Once again, Herzog has managed to have his shoe and eat it, too. In Conquest of the Useless: Reflections from the Making of Fitzcarraldo, Herzog publishes the diary he kept from 1979 to 1981 while shooting (or, more often, waiting to shoot) his acclaimed film about a bombastic anti-hero in the Brazilian jungle. Thanks to Les Blank’s Burden of Dreams, the plagued history of Fitzcarraldo already holds a notorious place in filmmaking mythology: assistants died; actors became injured and ill; some of the local extras plotted to kill hot-blooded star Klaus Kinski. Typically, Herzog took these incidents as cosmic portents, telling Blank: “The trees here are in misery. The birds here are in misery – I don’t think they sing; they just screech in pain.” The essence of the jungle is “fornication and asphyxiation and choking and fighting for survival and growing and just rotting away”.
A darling of cineasts and prize committees, Werner Herzog is savvier than the humorless neurotic he sometimes plays on-screen and in his journals. He is fully aware of the cartoonishness of his morose Weltanschauung, but seems to relish situating himself at the juncture of comedy, melodrama, and nihilism. Of Conquest of the Useless’s 320 pages, this sort of vague cosmological pessimism probably accounts for some 50. The book finally shifts from being very funny (though we are never sure whether Herzog is an accomplice or an object of our laughter) to slightly dull.
That said, Conquest of the Useless is a singular book, so strong at many points that it could be read and appreciated by someone who had never seen a single Herzog film. In Werner Herzog Eats His Shoe, Herzog says: “Our civilization doesn’t have adequate images… That’s what I’m working on: a new grammar of images.” Without them, he says, we are doomed to “die out like dinosaurs.”
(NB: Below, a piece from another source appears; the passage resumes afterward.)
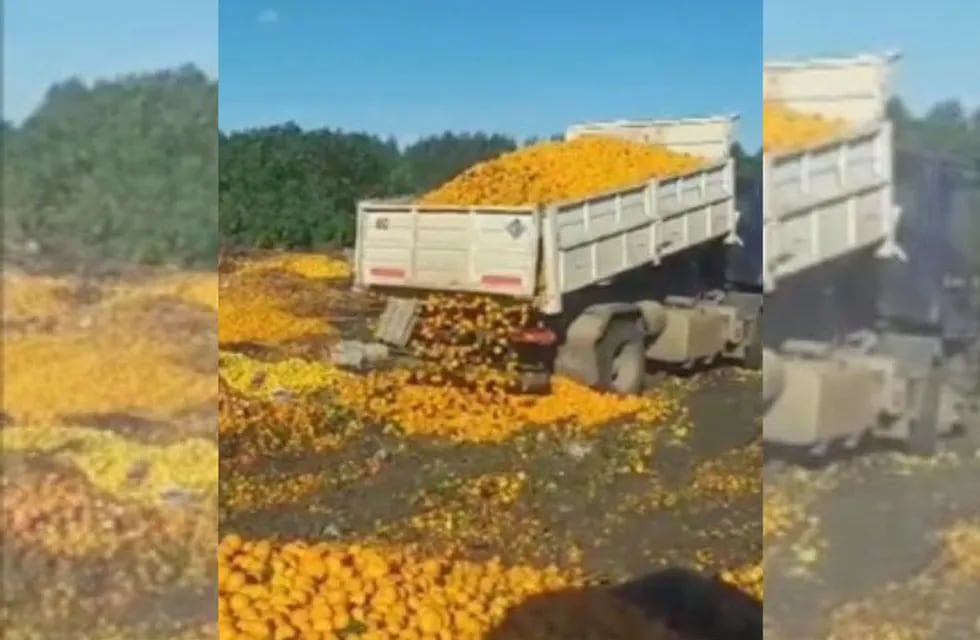 Tiraron toneladas de mandarinas en Entre Ríos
In contrast with this “new grammar of images”, Herzog sets the false images offered by television and advertisements. These “kill us” and “kill our language” because they lull instead of provoke, working within a familiar spectrum of wonder, desire, and repulsion. Herzog’s films can be interpreted as antidotes to this deadening complacency, and the countless strange moments in Conquest of the Useless as yet another curative, this time through the medium of language.
The book’s images of grotesque surrealism arrive abruptly amidst more mundane descriptions of weather or squabbling actors. In a sudden, peculiar flash they suggest whole worlds abutting Herzog’s, yet with utterly different codes of behavior, stores of knowledge, and interpretations of reality. In “Iquitos” a tiny boy named Modus Vivendi earns a living playing the violin at funerals. Children steal a bit of sound tape from Herzog’s crew and tie it between two trees, so tight that the wind makes it “hum and sing.” At festivals men shoot each other with bows and arrows, the recipient catching the shaft midair before it hits its mark. A large moth sits on Herzog’s dirty laundry and “feasts on the salt from [his] sweat.” In the crew’s shipment of provisions they order kilos of arrow-tip poison, which serves as local currency. “For a spoonful of this black sticky mass, you can get yourself a woman to marry, I was told in a respectful whisper by a boatman as he cleaned his toes with a screwdriver.” Such surprises exemplify the newness to Herzog’s “grammar of images”, a newness that is not simply indicative of their shock value but illustrative of a voracious curiosity about how other beings survive, and sometimes enjoy, their passage through the world.
In Conquest of the Useless, Herzog may have stumbled across the genre to which his writing is best suited. The journal form provides an inherent structure, in which seasons change, personalities clash and reconcile and clash again, and budgets dwindle. All Herzog has to do from time to time is log the current conditions of all these factors, and the drama writes itself. This single linear structure is steady and comprehensible enough to accommodate a great deal of eccentricity and divagation, and the reader never feels mired in the wash of surreal imagery and quasi-philosophic musing. With entries averaging three or four paragraphs, few feel overstuffed with detail.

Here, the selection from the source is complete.